Preferential Allotment Norms Set For Change

New Delhi, June 29: | Updated: Jun 30 2002, 05:30am hrs
The department of company affairs (DCA) is in talks with the Securities and Exchange Board of India (Sebi) for amending pricing and other norms governing preferential allotment of shares by companies.

The department is seriously reviewing the current Sebi pricing mechanism and introducing a valuation system for preferential allotment after several irregularities were found in such allotments. The valuation will be done by an individual valuer, DCA secretary Vinod Dhall said on the sidelines of National Accounting Convention organised by the Associated Chambers of Commerce and Industry of India (Assocham) on Saturday.
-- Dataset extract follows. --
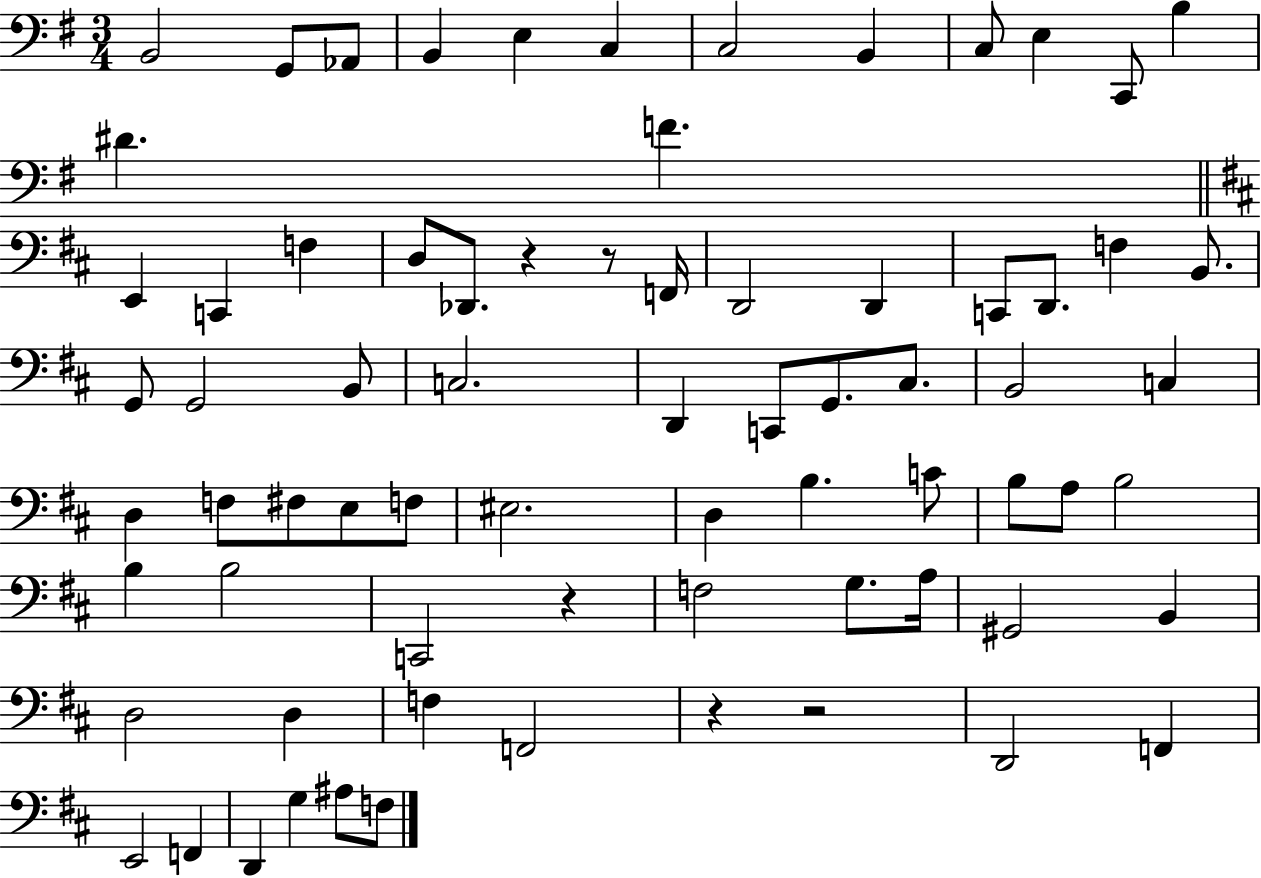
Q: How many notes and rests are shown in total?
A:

We have held preliminary discussion with Sebi on this issue. Sebi pricing norms stipulate the average price of last six months or last 15 days, whichever is higher. This leaves a lot of room for price manipulation and we need to amend the preferential allotment pricing norms, Mr Dhall said.

The changes being proposed also include determining to whom the allotment is made by corporates.

Preferential allotments were allowed to enable promoters to induct any new shareholder without the major expense of a public issue. But we have come across instances where such allotments have been made at prices significantly lower than prevailing market prices, not to shareholders but to brokers.

He said such allotments generally lead to a nexus between broker and company promoters so that the two can manipulate prices in the stock market.

DCA is also in the process of devising norms for audit committees of companies so that these become more responsible and effective internal bodies.

We need to increase the penalties imposed for accounting irregularities, and have greater powers to inspect and prosecute where necessary. These amendments need to be made in the Companies Act and we have begun consultations in this regard, he said.

Also on the anvil is random inspection of balance sheets being filed with the registrar of companies (ROC) to ensure that the disclosures made are adequate and accurate.

Besides, Mr Dhall said, the department is also examining the proposal whether it should be made binding on auditors to send accounting qualifications, if any, first to respective ROCs so that the latter can act immediately.